Dona Onça, de Luiz Caldas e Guilherme Menezes,
Nos momentos mais sombrios da história, quando a censura cerra os lábios e o medo se infiltra nas entrelinhas, a metáfora surge como o refúgio do artista e a arma da resistência. Sob regimes autoritários, a palavra direta é silenciada, mas o simbolismo e a sutileza poética encontram brechas onde o grito é proibido. Foi assim que Chico Buarque driblou a repressão, transformando versos aparentemente inofensivos em mensagens de contestação. E é nessa tradição que se insere a música Dona Onça, de Luiz Caldas e Guilherme Menezes, cuja força simbólica evoca a eterna luta contra aqueles que tentam reescrever a história para apagar a memória coletiva.

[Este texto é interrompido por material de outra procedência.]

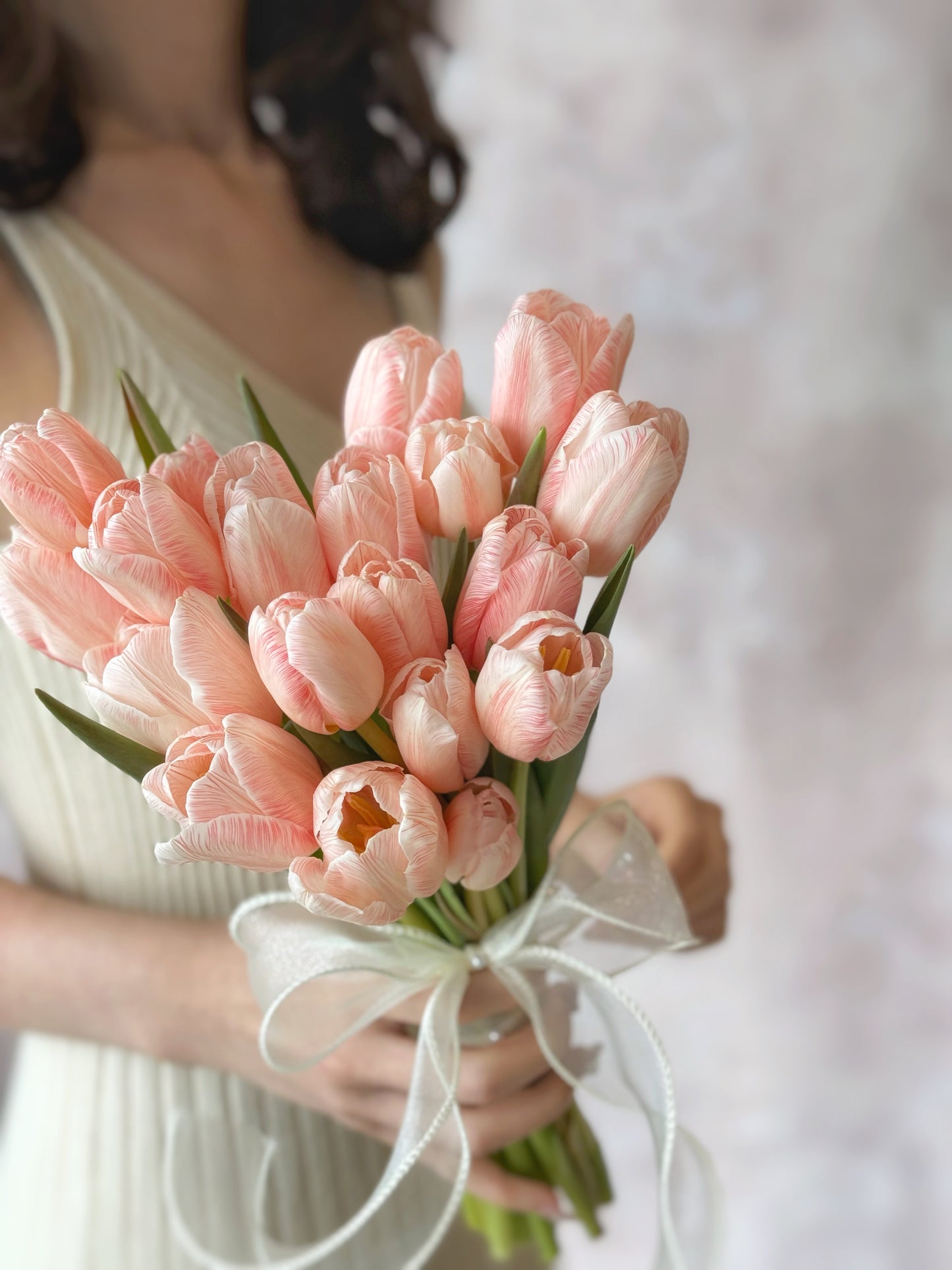 The perfect blend of soft pink and peach tones in a heart-shaped tulip bouquet for a dreamy wedding
柔和蜜桃粉色调的心形郁金香捧花，打造梦幻婚礼氛围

O verso de Chico – “Hoje você é quem manda, falou, tá falado” – ressoa como um retrato atemporal do autoritarismo: a imposição da obediência sem contestação. No entanto, a mesma música que parecia se curvar ao poder, em sua segunda camada de significado, ironizava a fragilidade dos regimes que se sustentam apenas pelo medo. Assim, a arte se transforma em trincheira e o artista, mesmo amordaçado, aprende a falar em códigos.
A metáfora é o esconderijo da verdade. Dona Onça reflete essa lógica. A figura da onça, símbolo de força e dominação, representa um poder arbitrário que, por um tempo, parecia inabalável. No entanto, os versos denunciam sua derrocada: “Você perdeu, dona onça, pega teu rumo e vaza”. Aqui, a canção assume um papel de vingança poética, resgatando um princípio que os tiranos esquecem: o poder imposto pela força não dura para sempre.

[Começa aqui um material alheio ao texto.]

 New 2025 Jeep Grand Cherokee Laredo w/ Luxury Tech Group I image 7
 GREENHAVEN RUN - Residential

Mais do que uma denúncia, a música também expõe a sanha destrutiva dos regimes autoritários. Quando Luiz Caldas e Guilherme Menezes cantam “Nossos livros, nossos quadros e nossas ricas memórias, tudo por você rasgado pra apagar nossa história”, denunciam o revisionismo, a queima de registros culturais e a tentativa de transformar a ignorância em política de Estado. A história já mostrou que ditaduras não se contentam apenas em calar vozes – elas tentam apagar os rastros de quem ousou falar.
Mas há algo que o poder bruto nunca entendeu: as palavras se infiltram nas brechas, a música se espalha como sussurro no vento, e a arte sobrevive mesmo quando seus criadores são perseguidos. Chico Buarque já sabia disso. Luiz Caldas e Guilherme Menezes reafirmam essa verdade. Quando a repressão acredita ter vencido, a poesia está apenas esperando o momento de ressurgir, cantada em rima e verso, para lembrar ao opressor que sua queda é inevitável.